TASK BRIEF:
Without copying any pictures, restate exactly the lines from the start of the records through the line containing "Mercedes-benz GLE 300".

RAW DATA START

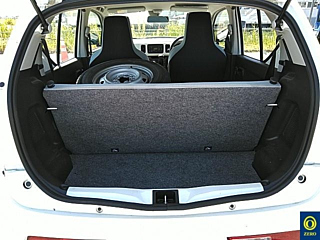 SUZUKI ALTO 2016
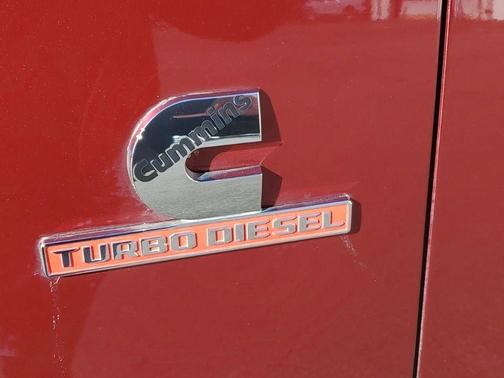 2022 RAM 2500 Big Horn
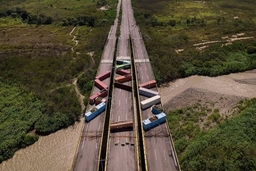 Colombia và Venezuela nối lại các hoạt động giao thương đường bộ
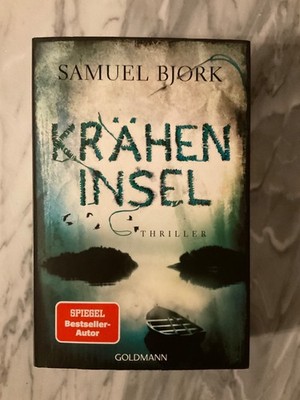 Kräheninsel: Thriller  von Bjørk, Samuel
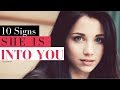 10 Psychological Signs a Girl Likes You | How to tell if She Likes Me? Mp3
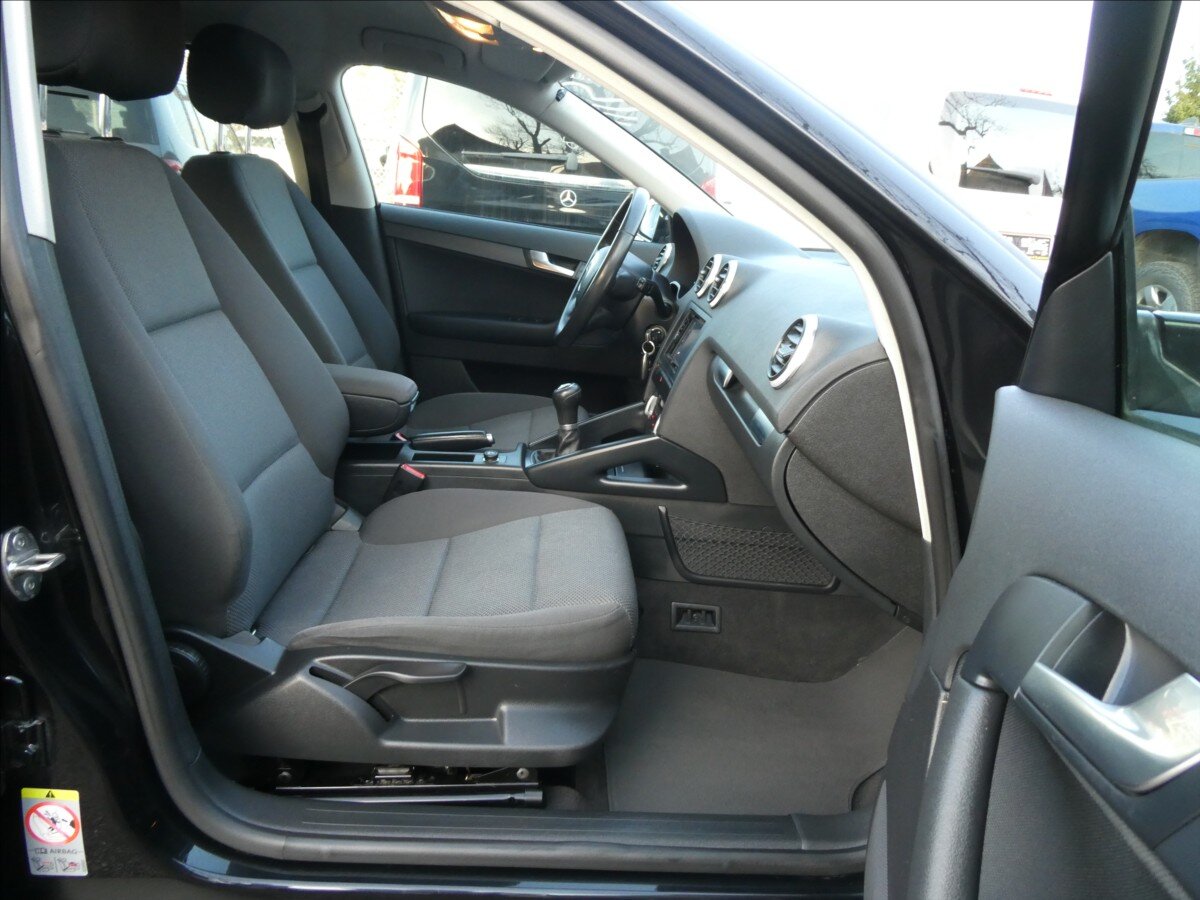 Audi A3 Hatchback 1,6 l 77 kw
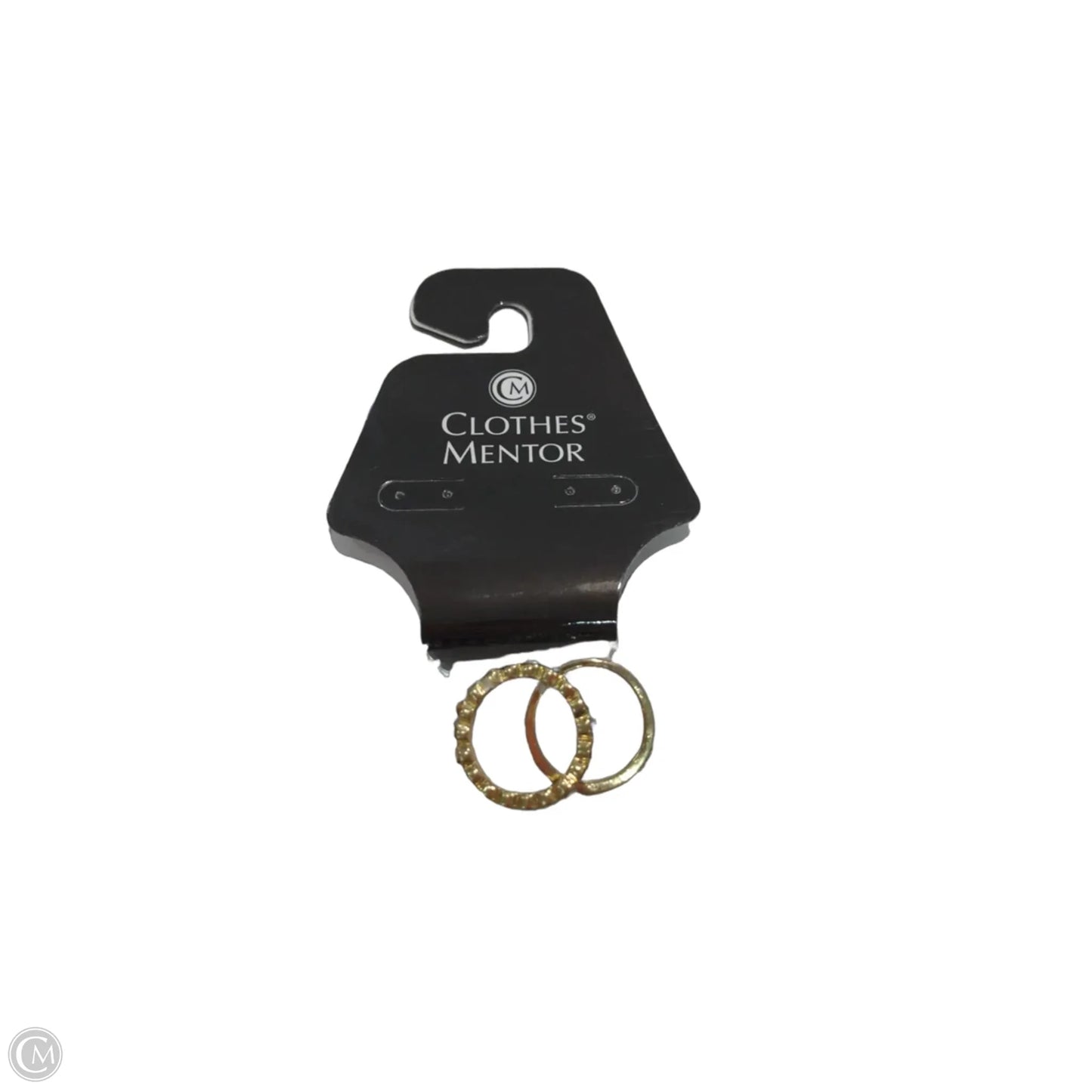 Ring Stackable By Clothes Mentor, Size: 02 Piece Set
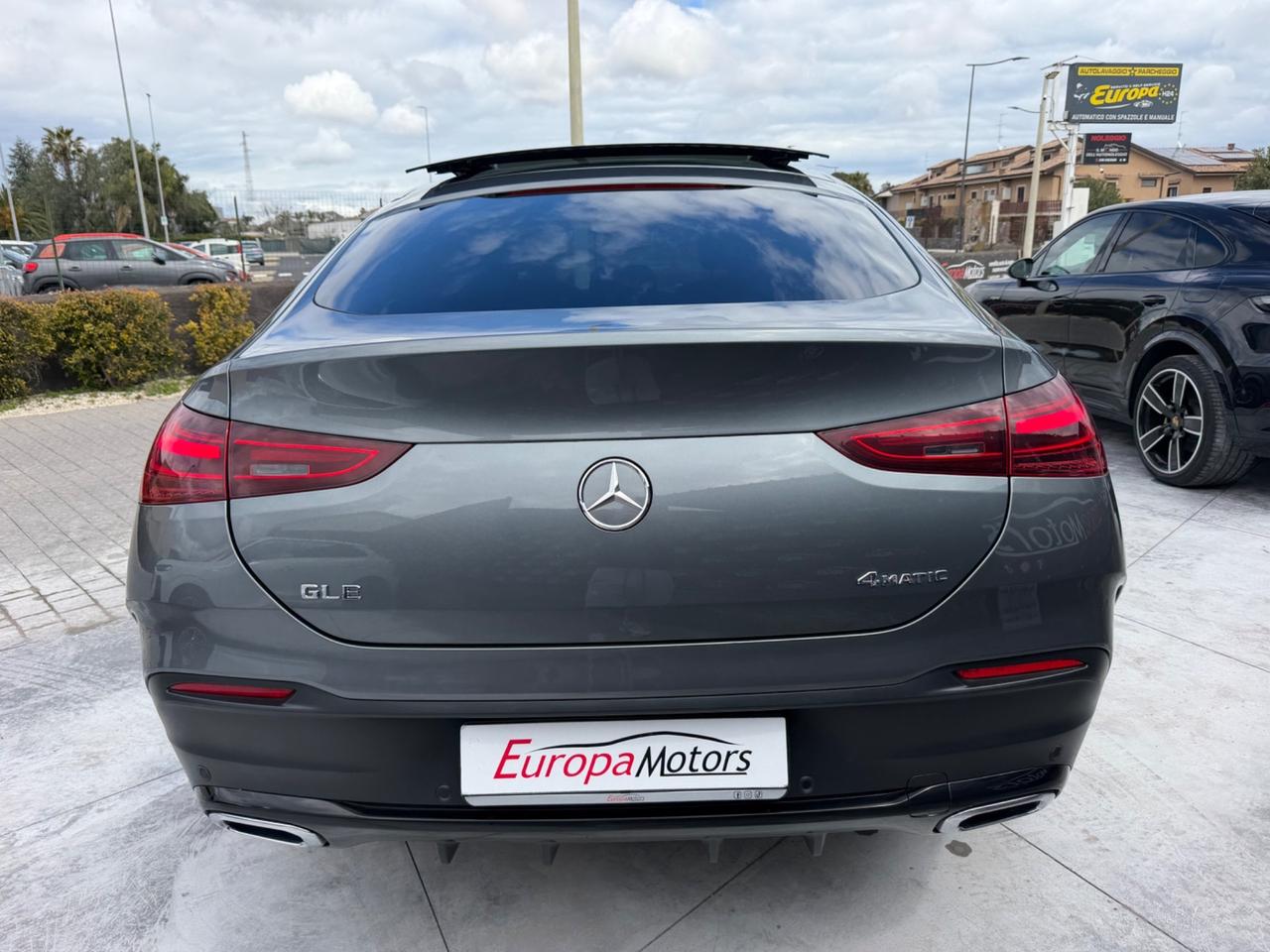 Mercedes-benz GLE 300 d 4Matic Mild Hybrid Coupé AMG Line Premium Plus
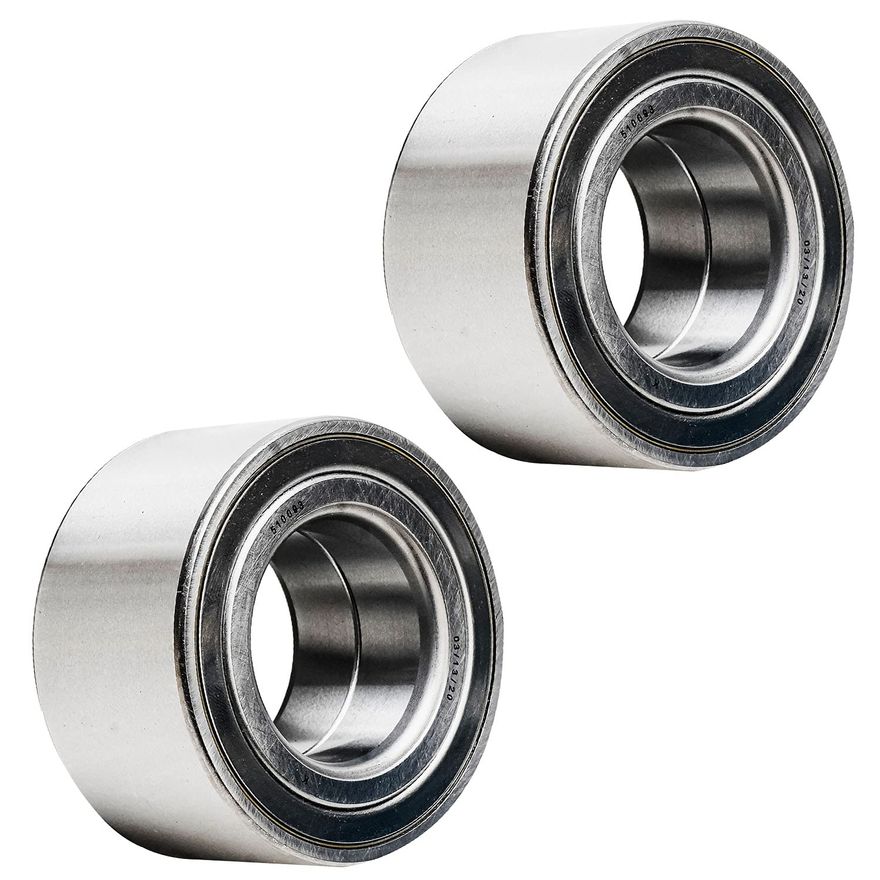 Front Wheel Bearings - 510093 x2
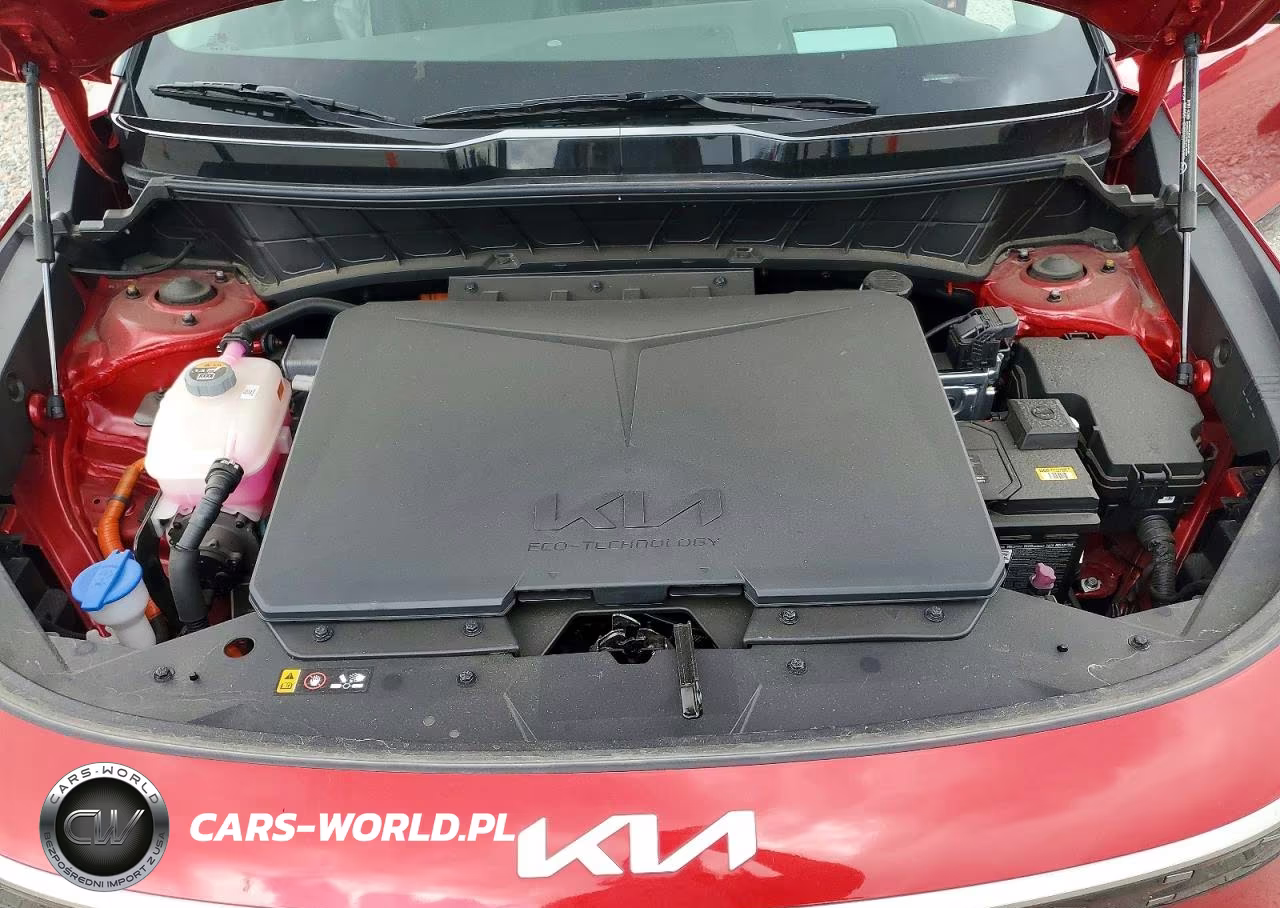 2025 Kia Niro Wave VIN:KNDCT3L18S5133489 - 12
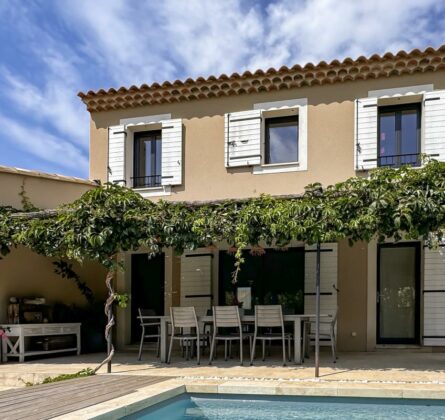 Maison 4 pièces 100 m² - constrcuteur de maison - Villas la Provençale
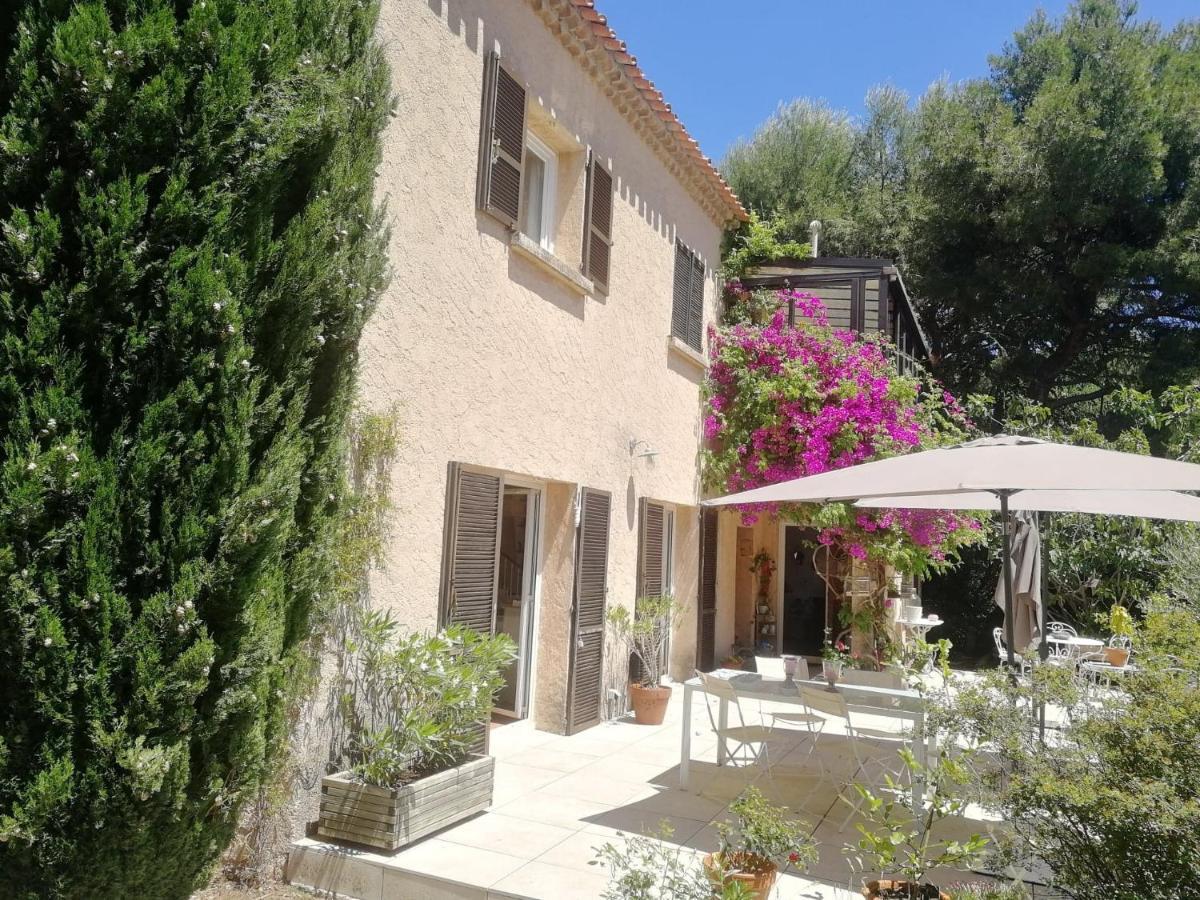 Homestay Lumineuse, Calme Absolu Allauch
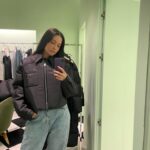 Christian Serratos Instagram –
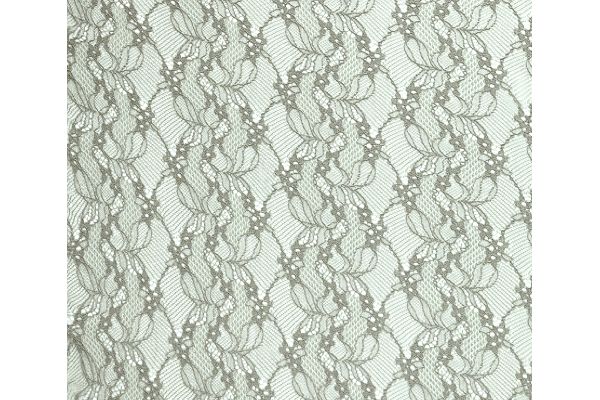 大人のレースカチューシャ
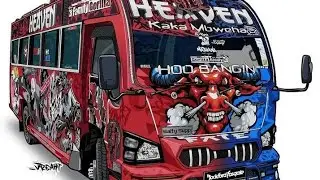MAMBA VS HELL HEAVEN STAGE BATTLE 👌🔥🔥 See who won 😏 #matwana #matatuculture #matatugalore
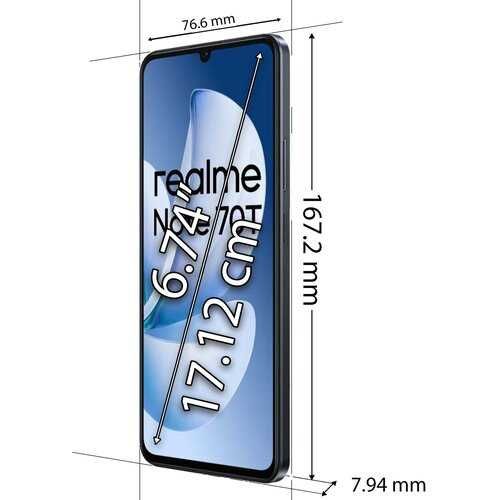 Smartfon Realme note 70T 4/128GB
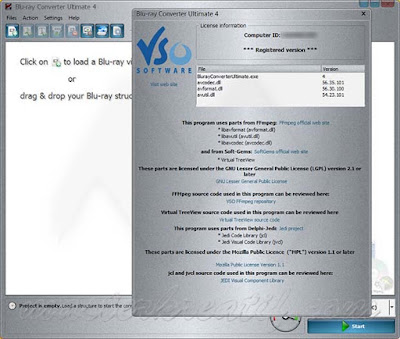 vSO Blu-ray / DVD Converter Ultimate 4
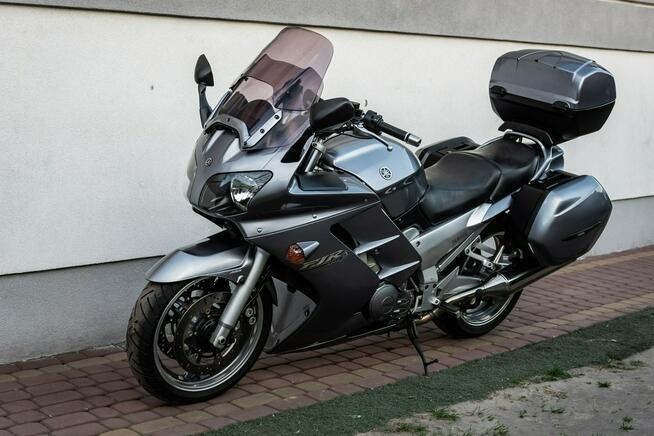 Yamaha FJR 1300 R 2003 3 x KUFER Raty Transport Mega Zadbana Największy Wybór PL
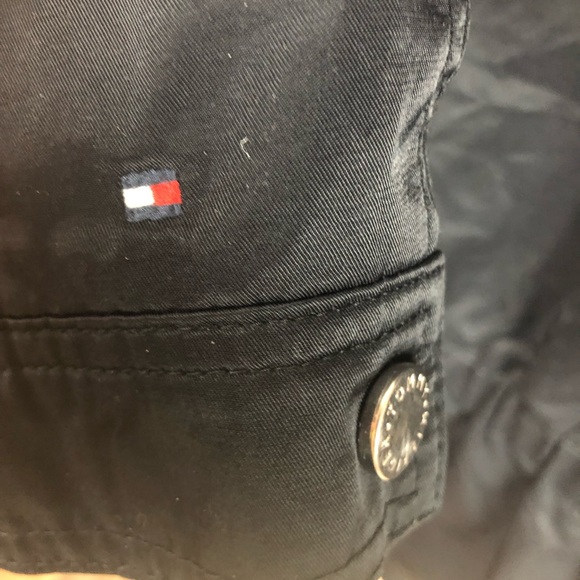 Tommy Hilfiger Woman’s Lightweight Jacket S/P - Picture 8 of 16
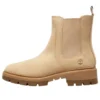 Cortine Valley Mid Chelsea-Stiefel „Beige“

RAW DATA END

EXERCISE ANSWER:
 SUZUKI ALTO 2016
 2022 RAM 2500 Big Horn
 Colombia và Venezuela nối lại các hoạt động giao thương đường bộ
 Kräheninsel: Thriller  von Bjørk, Samuel
 10 Psychological Signs a Girl Likes You | How to tell if She Likes Me? Mp3
 Audi A3 Hatchback 1,6 l 77 kw
 Ring Stackable By Clothes Mentor, Size: 02 Piece Set
 Mercedes-benz GLE 300 d 4Matic Mild Hybrid Coupé AMG Line Premium Plus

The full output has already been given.